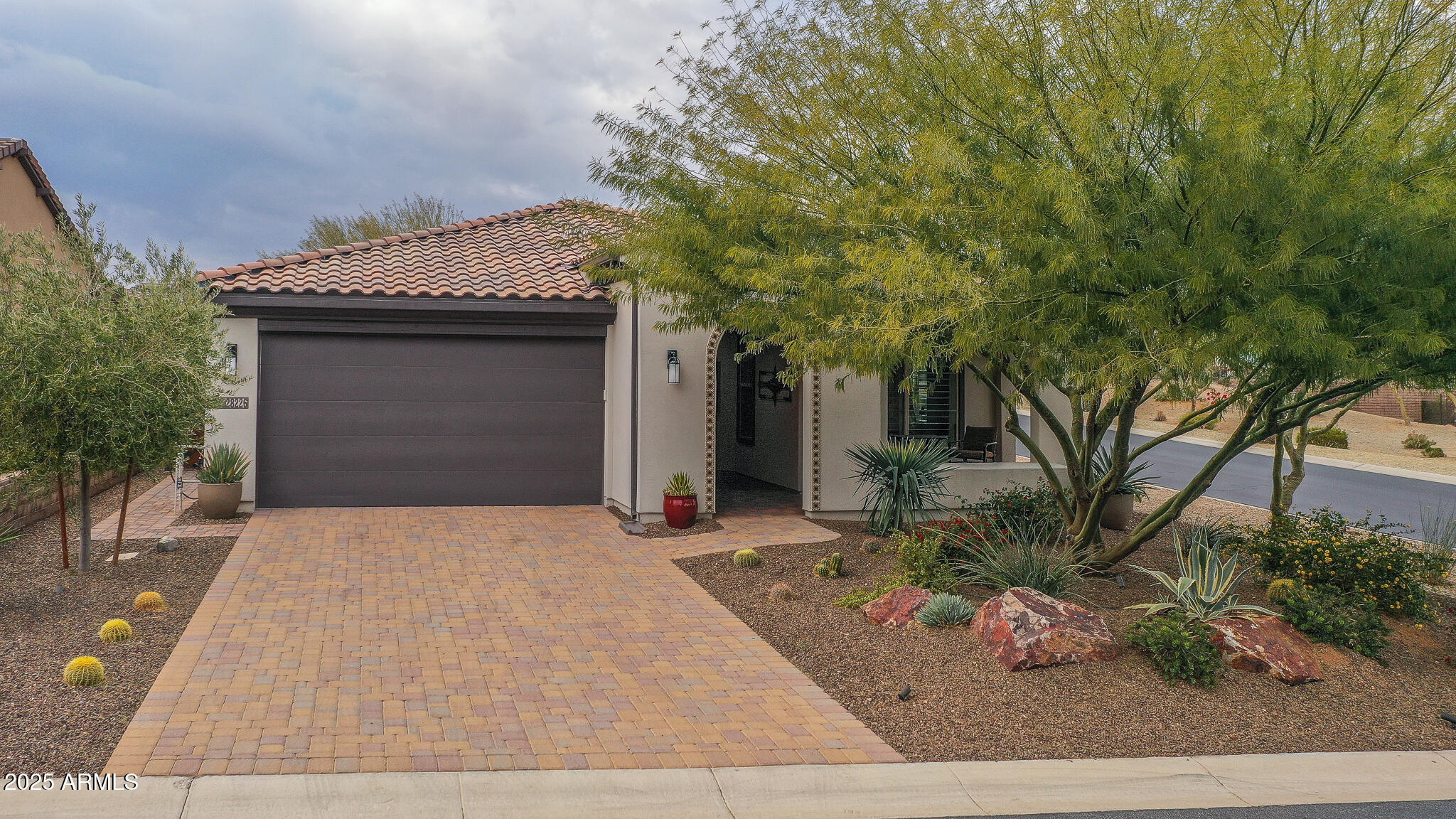 28226 North Crook Court Rio Verde, AZ 85263 - Photo 4 of 28 a front view of a house with garden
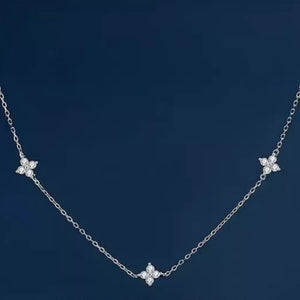 Sterling silver necklace with three delicate clover charms, each with sparkling stones.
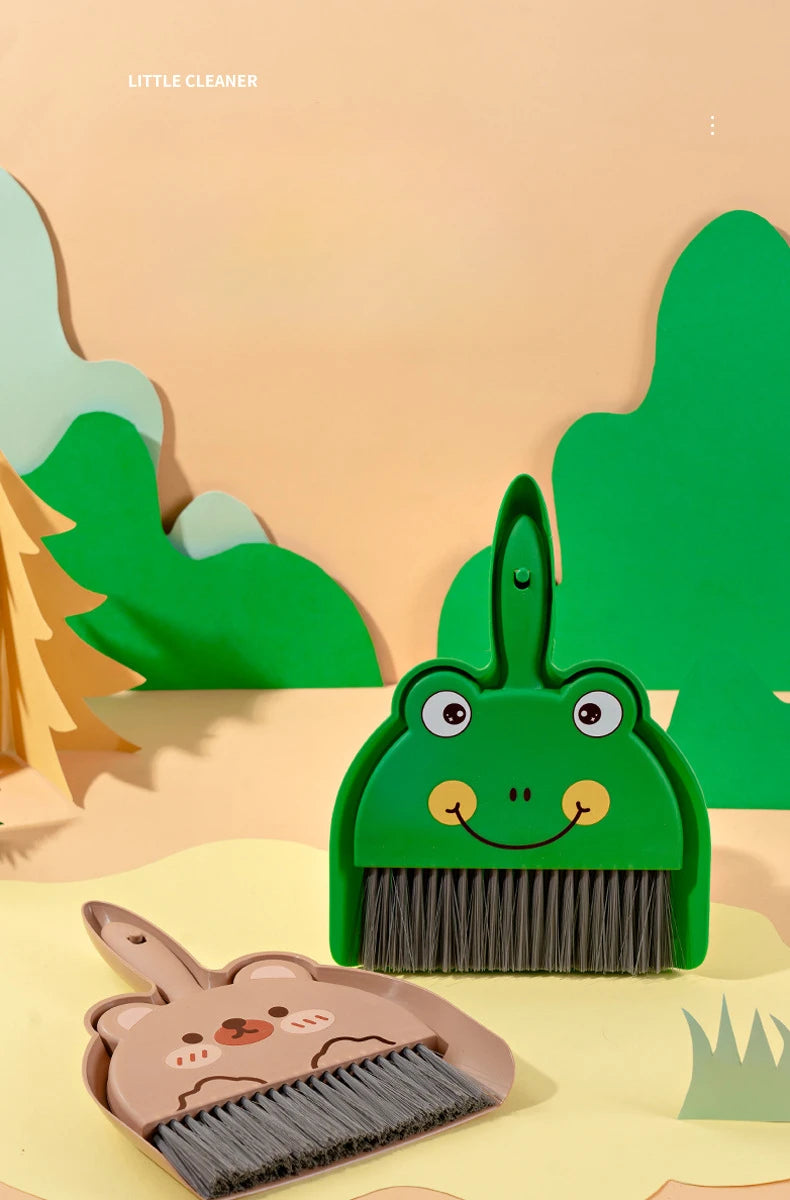 A green cartoon broom and dustpan set with a cute face is shown on a light background.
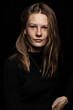 © MACO - Portrait of elegant beautiful European young woman in front of a black background. Studio shot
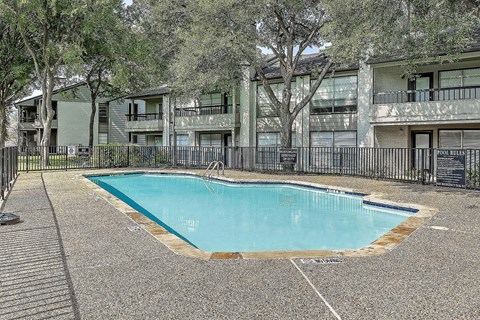 A small pool surrounded by a black fence and trees.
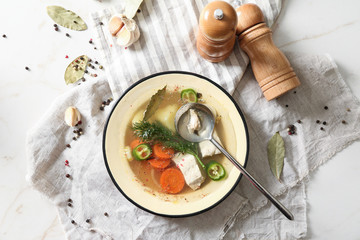 Bowl of tasty hot soup on light table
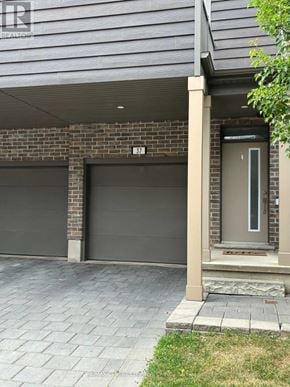 London South (South U) townhouse for rent - A house numbered 37 has a grey garage door.
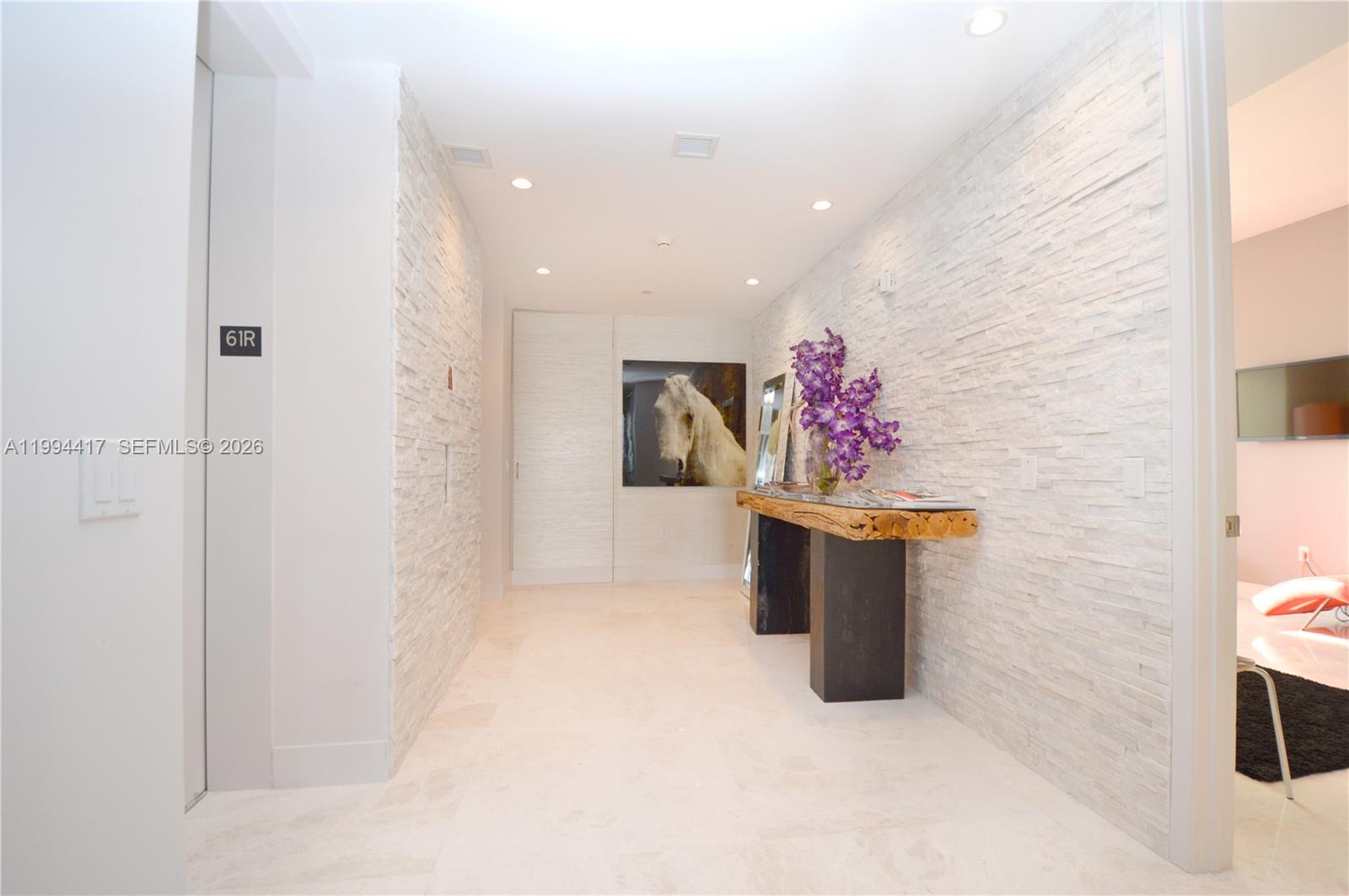 A hallway features white stone-textured walls, a live-edge console table, and a horse portrait — 1100 Biscayne Blvd # 6104, Miami FL 33132, MIAMI, FL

.....

- **EXERCISE**: The records above must be repeated in full and exactly, but without any of the pictures.

- **ANSWER SPACE**:
 28226 North Crook Court Rio Verde, AZ 85263 - Photo 4 of 28 a front view of a house with garden
 Sterling silver necklace with three delicate clover charms, each with sparkling stones.
 A green cartoon broom and dustpan set with a cute face is shown on a light background.
 © MACO - Portrait of elegant beautiful European young woman in front of a black background. Studio shot
 A small pool surrounded by a black fence and trees.
 Bowl of tasty hot soup on light table
 London South (South U) townhouse for rent - A house numbered 37 has a grey garage door.
 A hallway features white stone-textured walls, a live-edge console table, and a horse portrait — 1100 Biscayne Blvd # 6104, Miami FL 33132, MIAMI, FL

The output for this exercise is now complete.